The Enhanced Greenhouse Effect: A Human-Made Problem
- The natural greenhouse effect keeps Earth at a habitable temperature by trapping some outgoing longwave radiation.
- Human activities have increased the concentrations of greenhouse gases, leading to an enhanced greenhouse effect.
- Enhanced warming results in long-term changes to global temperatures, climate patterns, sea levels and extreme weather events.
Major Anthropogenic Sources of Greenhouse Gases
- Carbon dioxide (CO₂): Produced primarily by burning fossil fuels, deforestation and industrial processes.
- Methane (CH₄): Emitted by livestock digestion, rice paddies, fossil fuel extraction and melting permafrost.
- Nitrous oxide (N₂O): Released by synthetic fertilisers, industrial emissions, manure and combustion processes.
- Fluorinated gases: Industrial chemicals with high global warming potential and long atmospheric lifetimes.

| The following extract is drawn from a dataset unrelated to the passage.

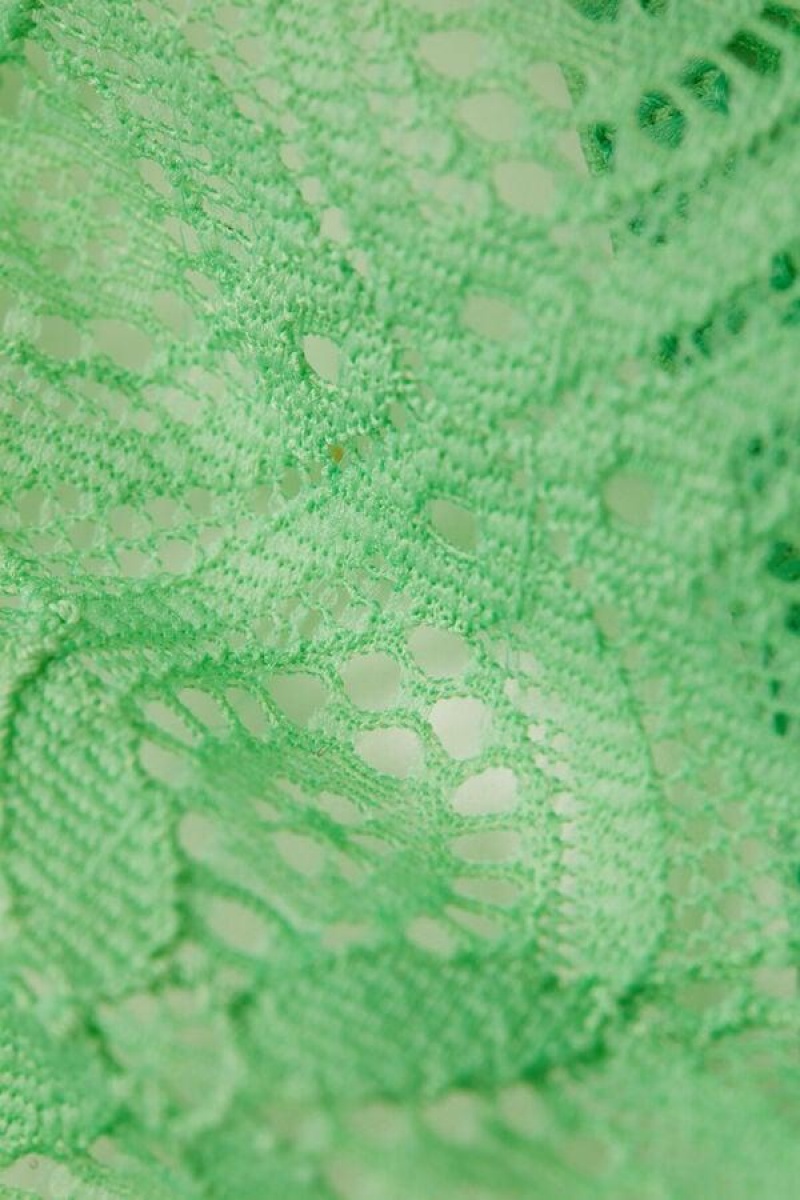 Intimissimi Lace String Thong Ženske Gaćice Menta | HR 2252LHT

Consequences of Enhanced Greenhouse Gas Emissions
- Higher global temperatures
- Increased frequency and intensity of heatwaves
- Changing precipitation patterns and altered monsoons
- Melting glaciers and polar ice caps
- Rising sea levels
- Ocean warming and acidification
- More extreme weather events such as storms and floods
- Shifts in ecosystems and biodiversity loss
Water vapour is the most abundant greenhouse gas, but it is not considered a driver of anthropogenic climate change because its concentration is regulated by temperature, not human activity.
When asked to explain the enhanced greenhouse effect, include:
human emissions, increased greenhouse gas concentrations, more longwave radiation trapped, and rising global temperatures.
- What atmospheric processes determine the climate of a region, and how do they interact?
- Why are seasonal changes crucial for defining the climate of an area?
- What evidence do ice cores, tree rings and sediments provide about past climate change?
- Why do CO₂ and temperature show a strong correlation over the last 800,000 years?
- What is the enhanced greenhouse effect, and how does it differ from the natural greenhouse effect?
- Describe three major environmental consequences of increased greenhouse gas emissions.